Every line of the listing below should be written out exactly, minus its images.

Information supplied –
──────────────────────────────
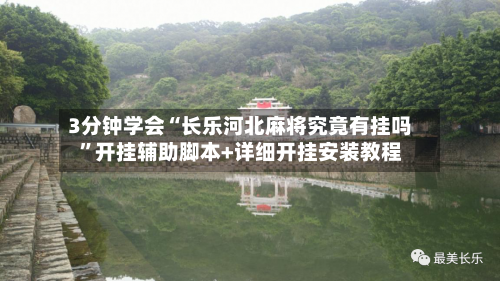 3分钟学会“长乐河北麻将究竟有挂吗”开挂辅助脚本+详细开挂安装教程-第3张图片
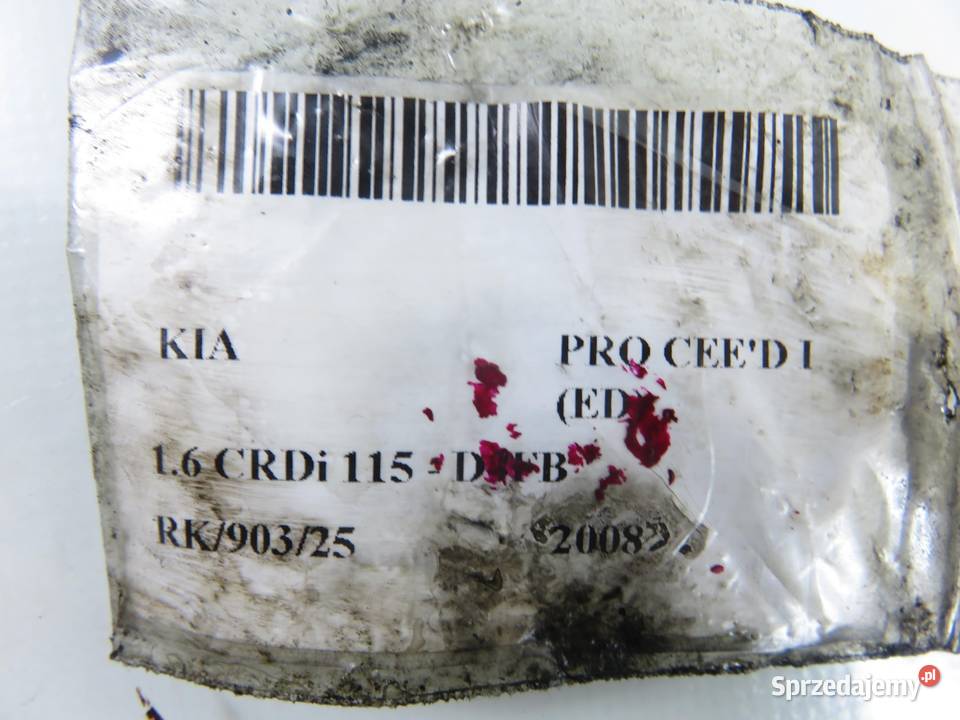 WTRYSKIWACZ KIA PRO CEED I 16 CRDi 0445110256 małopolskie sprzedam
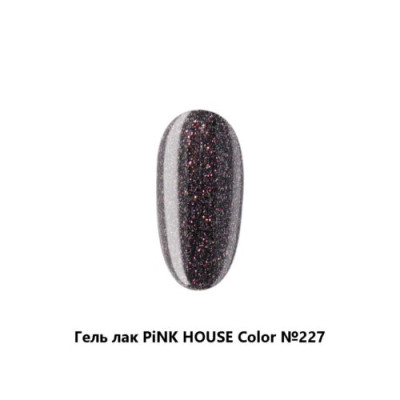 227 color гель-лак pink house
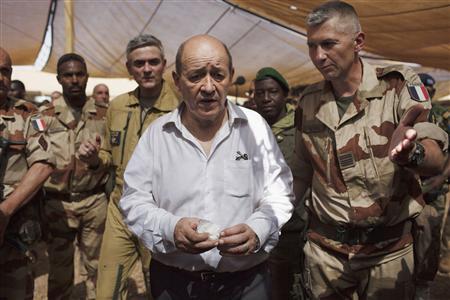 French Defense Minister: Groups from Mali Seeking ‘New Terrorist Hotbed’ in Libya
──────────────────────────────
Answer for the task –
 3分钟学会“长乐河北麻将究竟有挂吗”开挂辅助脚本+详细开挂安装教程-第3张图片
 WTRYSKIWACZ KIA PRO CEED I 16 CRDi 0445110256 małopolskie sprzedam
 227 color гель-лак pink house
 French Defense Minister: Groups from Mali Seeking ‘New Terrorist Hotbed’ in Libya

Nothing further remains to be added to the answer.